The Publicity Secretary of the union, which comprises drivers under e-hailing firms such as Bolt and Uber, Jossy Olawale, disclosed this in an exclusive interview with The PUNCH.
According to him, AUATWON members faced unprecedented levels of hardship in the wake of the removal of fuel subsidies and the attendant rise in gasoline costs.
Olawale said repeated efforts to get the app-based firms to implement fare hikes to commensurate with the new price of fuel had proved abortive.
He added that despite the recent increase in fuel price from N488 to N617, the app-based companies had refused to review fare prices, leaving the drivers to run at a loss.
He said, “The union is looking at various alternatives.
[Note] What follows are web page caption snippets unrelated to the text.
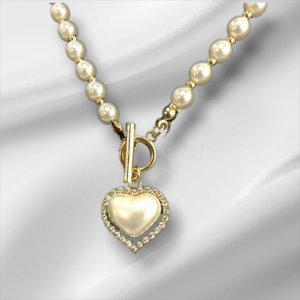 Collar con colgante de corazón para mujer - Image 5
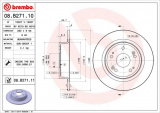 Brzdový kotouč BREMBO 08.B271.10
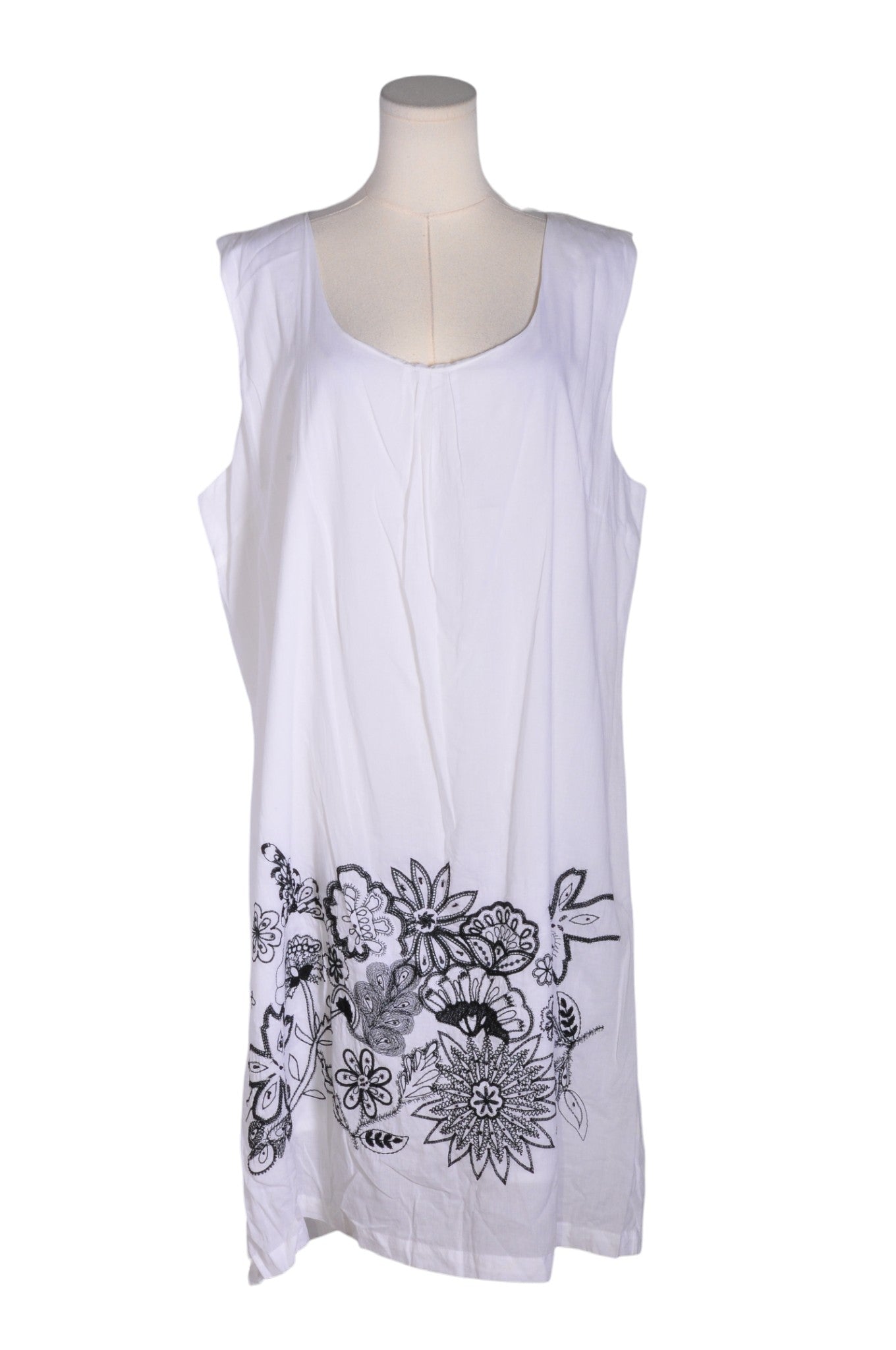 ARVANTI Women Drop Waist Dresses Regular fit in White - XL Koop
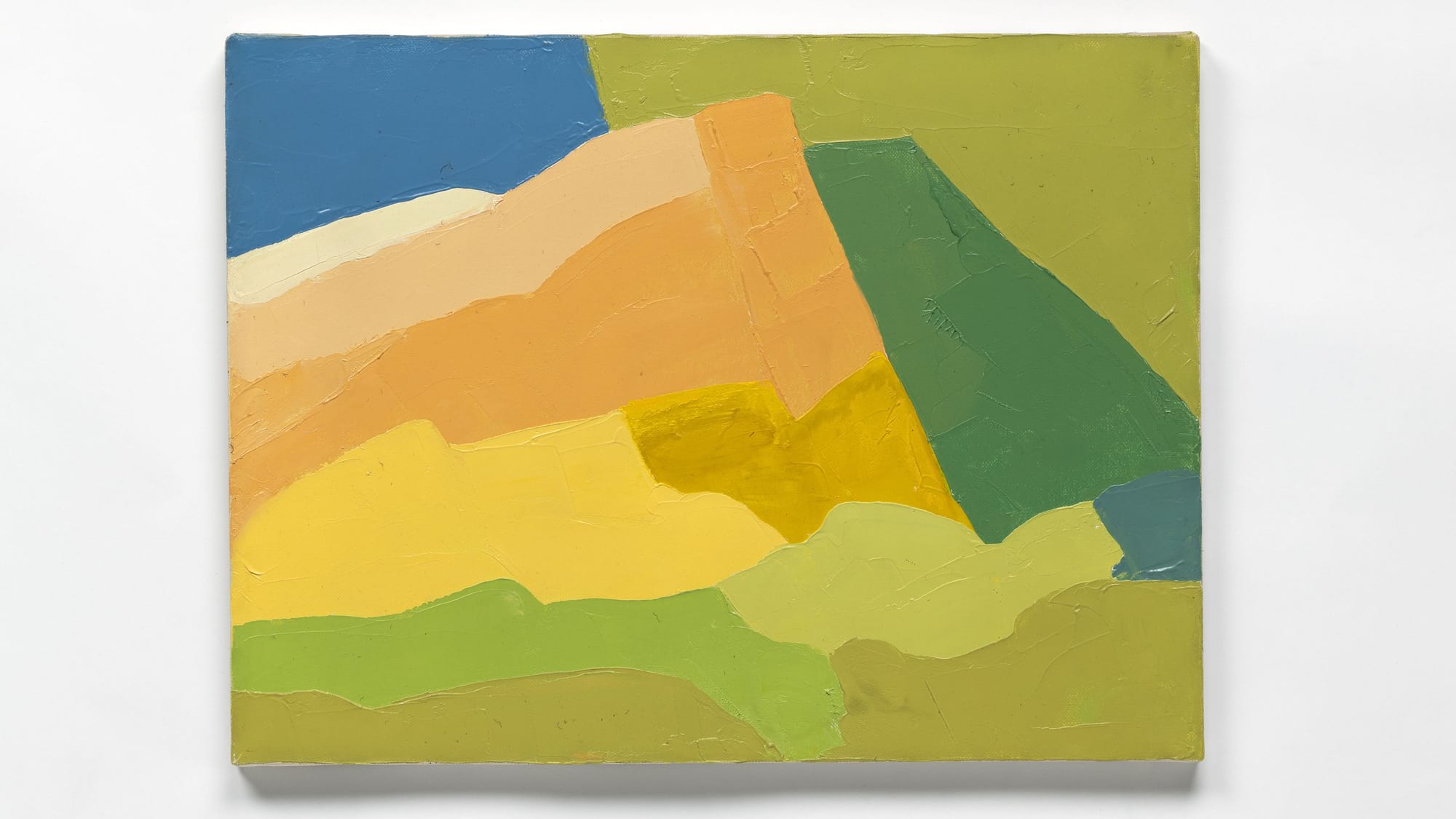 Etel Adnan: Impossible Homecoming  Online Exhibition Tour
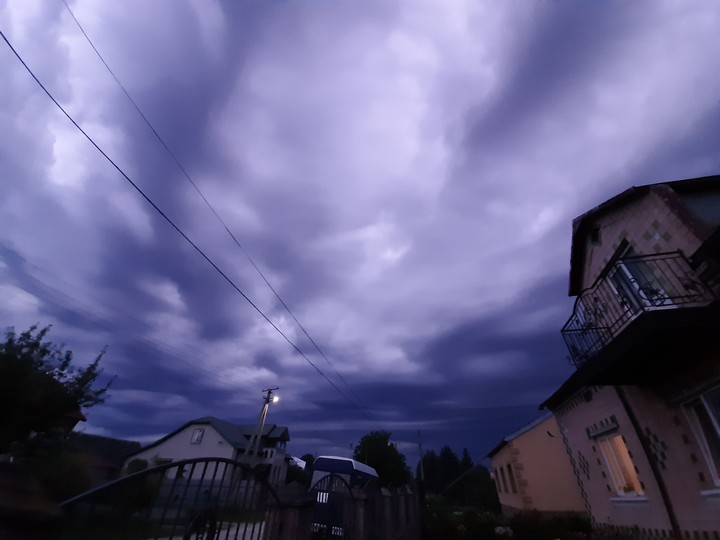 angry sky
We are asking for government support. We are also looking at an alternative way of doing our business, looking at other app companies that are ready to partner with us, that are ready to work with our template, which would be fair to us and our users. We are looking at that.”
Olawale said apart from refusing to review their fares to meet the current reality, the top app-based companies proceeded to lodge a petition against the drivers at the Ministry of Labour and Productivity.
He stated, “These two companies (Bolt and Uber) raised a petition against AUATWON, demanding to change our name with the intention to remove the ‘workers’ and insert ‘drivers’ on the ground that we are not workers, as against the approval letter granted by the Minister of Labour in January.”
Also, to cushion the effect of the subsidy removal, the union said it was calling on the Federal Government to support its members in the area of grants to explore the alternative fuelling that experts had introduced in CNG.
Meanwhile, in an e-mailed response to The PUNCH, Bolt said that it empathised with both its drivers and riders, recognising the significant economic challenges posed by rising fuel prices.
The company added that it is dedicated to thoroughly assessing the impact of the recent fuel price increase and implementing necessary measures to minimise any adverse effects on all stakeholders.
It said, “We understand the concerns surrounding the recent fuel price increase and its potential impact on the attractiveness of the ride-hailing industry in Nigeria.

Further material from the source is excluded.